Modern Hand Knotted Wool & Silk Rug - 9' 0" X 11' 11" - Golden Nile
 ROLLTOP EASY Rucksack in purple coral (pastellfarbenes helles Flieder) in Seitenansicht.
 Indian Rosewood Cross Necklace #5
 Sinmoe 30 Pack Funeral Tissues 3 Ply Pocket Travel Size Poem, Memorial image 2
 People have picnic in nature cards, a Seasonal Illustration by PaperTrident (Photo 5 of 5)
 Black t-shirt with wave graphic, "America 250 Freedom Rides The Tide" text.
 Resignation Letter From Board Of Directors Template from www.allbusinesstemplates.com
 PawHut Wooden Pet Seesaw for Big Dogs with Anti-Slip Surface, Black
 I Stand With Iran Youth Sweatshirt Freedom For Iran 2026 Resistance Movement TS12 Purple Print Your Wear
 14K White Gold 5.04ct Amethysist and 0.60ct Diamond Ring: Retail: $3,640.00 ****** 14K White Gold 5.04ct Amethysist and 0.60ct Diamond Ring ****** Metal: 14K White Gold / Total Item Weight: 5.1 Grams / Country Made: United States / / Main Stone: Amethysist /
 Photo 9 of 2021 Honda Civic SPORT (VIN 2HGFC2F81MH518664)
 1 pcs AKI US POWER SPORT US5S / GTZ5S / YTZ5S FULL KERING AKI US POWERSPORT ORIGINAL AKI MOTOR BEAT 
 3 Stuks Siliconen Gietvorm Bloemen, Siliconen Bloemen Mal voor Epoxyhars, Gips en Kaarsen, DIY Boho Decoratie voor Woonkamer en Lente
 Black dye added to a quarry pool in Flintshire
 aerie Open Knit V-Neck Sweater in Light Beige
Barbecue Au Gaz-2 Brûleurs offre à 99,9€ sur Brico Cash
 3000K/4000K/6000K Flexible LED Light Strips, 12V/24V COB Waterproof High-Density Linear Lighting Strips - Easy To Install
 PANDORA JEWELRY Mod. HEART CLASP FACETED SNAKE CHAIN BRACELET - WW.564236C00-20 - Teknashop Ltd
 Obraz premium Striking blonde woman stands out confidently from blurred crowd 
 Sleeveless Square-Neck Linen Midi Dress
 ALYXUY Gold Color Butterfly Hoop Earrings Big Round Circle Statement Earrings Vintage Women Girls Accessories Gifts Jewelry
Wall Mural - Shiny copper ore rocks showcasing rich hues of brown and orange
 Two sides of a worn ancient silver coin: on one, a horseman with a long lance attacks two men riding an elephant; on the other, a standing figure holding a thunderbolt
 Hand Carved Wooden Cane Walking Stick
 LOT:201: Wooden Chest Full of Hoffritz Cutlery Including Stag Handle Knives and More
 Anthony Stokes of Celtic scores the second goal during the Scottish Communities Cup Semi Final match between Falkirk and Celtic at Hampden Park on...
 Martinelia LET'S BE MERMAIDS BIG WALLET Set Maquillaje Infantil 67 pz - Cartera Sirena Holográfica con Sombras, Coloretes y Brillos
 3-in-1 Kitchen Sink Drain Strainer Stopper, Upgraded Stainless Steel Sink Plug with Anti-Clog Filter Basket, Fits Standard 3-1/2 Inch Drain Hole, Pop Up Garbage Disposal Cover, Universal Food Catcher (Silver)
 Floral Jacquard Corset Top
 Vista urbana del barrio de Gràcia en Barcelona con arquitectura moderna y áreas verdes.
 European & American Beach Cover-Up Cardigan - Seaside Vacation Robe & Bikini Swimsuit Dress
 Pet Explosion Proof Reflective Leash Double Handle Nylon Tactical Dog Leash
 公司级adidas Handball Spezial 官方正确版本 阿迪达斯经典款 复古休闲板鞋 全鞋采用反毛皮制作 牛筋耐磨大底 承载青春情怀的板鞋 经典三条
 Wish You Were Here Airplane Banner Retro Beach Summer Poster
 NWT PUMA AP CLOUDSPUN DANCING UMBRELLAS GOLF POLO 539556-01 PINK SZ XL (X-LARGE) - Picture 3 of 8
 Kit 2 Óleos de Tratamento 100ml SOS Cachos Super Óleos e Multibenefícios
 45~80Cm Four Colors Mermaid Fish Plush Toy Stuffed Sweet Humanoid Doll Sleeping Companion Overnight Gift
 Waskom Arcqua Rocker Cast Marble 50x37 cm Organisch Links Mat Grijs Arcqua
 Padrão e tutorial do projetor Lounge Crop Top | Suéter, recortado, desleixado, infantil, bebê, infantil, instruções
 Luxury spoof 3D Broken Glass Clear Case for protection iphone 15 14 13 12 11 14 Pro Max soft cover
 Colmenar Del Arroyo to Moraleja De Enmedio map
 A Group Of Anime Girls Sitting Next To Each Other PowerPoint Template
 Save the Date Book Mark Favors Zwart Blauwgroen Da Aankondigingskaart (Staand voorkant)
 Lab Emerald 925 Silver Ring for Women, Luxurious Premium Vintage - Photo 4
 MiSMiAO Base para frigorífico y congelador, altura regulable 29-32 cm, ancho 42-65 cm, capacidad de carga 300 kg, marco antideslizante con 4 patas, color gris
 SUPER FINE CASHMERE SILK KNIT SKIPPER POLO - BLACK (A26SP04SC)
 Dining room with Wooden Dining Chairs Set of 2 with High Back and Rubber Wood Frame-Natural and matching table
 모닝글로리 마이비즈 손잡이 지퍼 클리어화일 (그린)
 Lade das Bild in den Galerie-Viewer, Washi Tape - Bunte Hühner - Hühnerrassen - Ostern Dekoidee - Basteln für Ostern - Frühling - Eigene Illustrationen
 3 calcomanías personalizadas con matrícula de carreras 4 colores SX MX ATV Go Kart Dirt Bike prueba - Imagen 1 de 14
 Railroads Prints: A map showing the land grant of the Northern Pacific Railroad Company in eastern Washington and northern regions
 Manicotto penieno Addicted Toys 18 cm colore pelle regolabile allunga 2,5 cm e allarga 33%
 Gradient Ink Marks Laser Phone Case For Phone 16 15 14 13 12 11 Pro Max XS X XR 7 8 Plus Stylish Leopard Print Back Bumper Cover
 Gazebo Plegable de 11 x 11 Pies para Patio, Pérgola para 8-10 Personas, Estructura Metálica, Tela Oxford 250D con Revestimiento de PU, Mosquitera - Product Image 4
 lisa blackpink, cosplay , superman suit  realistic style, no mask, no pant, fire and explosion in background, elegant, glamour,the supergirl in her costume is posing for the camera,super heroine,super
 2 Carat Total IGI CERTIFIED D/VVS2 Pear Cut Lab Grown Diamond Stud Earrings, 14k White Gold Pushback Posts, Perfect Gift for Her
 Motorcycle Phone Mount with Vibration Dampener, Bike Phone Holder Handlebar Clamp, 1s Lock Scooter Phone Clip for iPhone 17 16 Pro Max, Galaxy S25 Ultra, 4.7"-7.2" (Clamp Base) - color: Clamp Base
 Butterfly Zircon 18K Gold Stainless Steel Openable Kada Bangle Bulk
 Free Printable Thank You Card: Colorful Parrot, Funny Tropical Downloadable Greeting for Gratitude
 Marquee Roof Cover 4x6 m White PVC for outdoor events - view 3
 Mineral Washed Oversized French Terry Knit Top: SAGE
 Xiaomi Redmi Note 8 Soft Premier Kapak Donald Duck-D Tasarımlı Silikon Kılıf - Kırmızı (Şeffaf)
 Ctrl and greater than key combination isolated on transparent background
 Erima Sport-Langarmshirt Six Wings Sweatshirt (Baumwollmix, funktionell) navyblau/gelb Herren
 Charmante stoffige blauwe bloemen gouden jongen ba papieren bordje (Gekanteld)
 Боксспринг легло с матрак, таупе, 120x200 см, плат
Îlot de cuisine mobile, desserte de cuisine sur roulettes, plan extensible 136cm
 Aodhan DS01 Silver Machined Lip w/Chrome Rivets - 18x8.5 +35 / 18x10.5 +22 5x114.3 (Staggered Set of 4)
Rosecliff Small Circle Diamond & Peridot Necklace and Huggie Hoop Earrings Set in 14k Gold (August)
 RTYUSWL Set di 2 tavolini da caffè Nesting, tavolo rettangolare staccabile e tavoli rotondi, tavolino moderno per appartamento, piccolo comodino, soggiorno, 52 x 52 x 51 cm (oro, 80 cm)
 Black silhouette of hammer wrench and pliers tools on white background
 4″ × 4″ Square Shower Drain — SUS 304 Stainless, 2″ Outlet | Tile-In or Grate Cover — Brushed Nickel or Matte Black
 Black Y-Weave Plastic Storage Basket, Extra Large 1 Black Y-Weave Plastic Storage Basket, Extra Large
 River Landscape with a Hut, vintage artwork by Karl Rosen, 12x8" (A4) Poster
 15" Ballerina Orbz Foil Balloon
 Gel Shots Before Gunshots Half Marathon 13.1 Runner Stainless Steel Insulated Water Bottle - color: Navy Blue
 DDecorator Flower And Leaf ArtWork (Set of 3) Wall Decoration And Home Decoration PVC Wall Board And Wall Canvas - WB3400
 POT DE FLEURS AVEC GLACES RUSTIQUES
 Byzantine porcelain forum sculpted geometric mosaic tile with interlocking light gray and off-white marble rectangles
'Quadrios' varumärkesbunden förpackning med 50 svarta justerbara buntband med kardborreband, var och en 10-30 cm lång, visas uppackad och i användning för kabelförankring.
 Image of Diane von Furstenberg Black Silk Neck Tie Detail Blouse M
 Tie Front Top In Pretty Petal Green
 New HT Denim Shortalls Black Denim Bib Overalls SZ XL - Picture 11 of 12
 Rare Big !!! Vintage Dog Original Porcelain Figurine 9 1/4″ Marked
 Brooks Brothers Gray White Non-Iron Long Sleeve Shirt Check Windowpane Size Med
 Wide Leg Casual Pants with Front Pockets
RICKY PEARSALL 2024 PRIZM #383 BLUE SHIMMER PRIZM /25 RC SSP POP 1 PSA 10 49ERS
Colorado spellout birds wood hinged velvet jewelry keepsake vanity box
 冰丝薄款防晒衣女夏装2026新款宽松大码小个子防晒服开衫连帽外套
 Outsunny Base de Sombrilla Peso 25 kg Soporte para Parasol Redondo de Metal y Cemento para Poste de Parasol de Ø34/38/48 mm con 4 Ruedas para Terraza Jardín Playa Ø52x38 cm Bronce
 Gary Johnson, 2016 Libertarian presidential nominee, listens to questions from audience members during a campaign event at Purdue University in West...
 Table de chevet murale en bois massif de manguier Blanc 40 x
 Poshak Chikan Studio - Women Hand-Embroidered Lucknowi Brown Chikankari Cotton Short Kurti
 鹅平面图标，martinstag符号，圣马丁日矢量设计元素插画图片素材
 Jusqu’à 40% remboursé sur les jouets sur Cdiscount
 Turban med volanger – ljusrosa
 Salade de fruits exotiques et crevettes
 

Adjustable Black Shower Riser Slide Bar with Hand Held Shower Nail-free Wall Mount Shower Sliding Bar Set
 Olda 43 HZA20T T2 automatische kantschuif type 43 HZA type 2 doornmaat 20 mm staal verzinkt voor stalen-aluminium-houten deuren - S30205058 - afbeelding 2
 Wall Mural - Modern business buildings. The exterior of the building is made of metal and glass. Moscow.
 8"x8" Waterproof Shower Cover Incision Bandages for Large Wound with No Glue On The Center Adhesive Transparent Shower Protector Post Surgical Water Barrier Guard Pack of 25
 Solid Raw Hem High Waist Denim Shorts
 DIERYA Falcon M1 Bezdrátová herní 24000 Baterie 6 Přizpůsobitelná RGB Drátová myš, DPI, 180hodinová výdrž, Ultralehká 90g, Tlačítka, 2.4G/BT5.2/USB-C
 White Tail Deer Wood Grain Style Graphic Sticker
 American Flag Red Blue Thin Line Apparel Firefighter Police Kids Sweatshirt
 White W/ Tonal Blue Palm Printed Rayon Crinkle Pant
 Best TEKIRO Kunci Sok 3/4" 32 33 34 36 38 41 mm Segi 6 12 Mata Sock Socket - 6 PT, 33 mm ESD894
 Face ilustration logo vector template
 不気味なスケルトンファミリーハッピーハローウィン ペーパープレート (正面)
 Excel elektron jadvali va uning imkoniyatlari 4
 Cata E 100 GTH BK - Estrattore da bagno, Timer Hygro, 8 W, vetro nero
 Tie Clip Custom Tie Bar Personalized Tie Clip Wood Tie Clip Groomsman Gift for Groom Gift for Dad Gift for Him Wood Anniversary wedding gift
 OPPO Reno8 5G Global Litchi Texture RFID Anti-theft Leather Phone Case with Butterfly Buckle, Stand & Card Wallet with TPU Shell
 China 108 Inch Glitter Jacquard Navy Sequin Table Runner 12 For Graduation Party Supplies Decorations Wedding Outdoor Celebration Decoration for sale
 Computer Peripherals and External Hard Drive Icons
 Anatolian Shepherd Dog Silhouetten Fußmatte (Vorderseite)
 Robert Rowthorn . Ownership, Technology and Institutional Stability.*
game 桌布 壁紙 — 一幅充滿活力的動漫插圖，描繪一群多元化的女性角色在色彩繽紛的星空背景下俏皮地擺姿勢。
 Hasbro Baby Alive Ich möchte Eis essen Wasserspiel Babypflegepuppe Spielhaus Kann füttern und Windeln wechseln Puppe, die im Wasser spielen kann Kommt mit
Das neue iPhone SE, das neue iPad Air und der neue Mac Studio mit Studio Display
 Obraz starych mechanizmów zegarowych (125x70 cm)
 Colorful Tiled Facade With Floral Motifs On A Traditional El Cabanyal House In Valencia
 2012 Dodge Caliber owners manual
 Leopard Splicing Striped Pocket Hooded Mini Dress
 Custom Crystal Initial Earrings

Activity: The required output is every line from the one that holds "Robert Rowthorn ." through the last line of the listing above, retyped exactly and with nothing else.

Expected answer:
 Robert Rowthorn . Ownership, Technology and Institutional Stability.*
game 桌布 壁紙 — 一幅充滿活力的動漫插圖，描繪一群多元化的女性角色在色彩繽紛的星空背景下俏皮地擺姿勢。
 Hasbro Baby Alive Ich möchte Eis essen Wasserspiel Babypflegepuppe Spielhaus Kann füttern und Windeln wechseln Puppe, die im Wasser spielen kann Kommt mit
Das neue iPhone SE, das neue iPad Air und der neue Mac Studio mit Studio Display
 Obraz starych mechanizmów zegarowych (125x70 cm)
 Colorful Tiled Facade With Floral Motifs On A Traditional El Cabanyal House In Valencia
 2012 Dodge Caliber owners manual
 Leopard Splicing Striped Pocket Hooded Mini Dress
 Custom Crystal Initial Earrings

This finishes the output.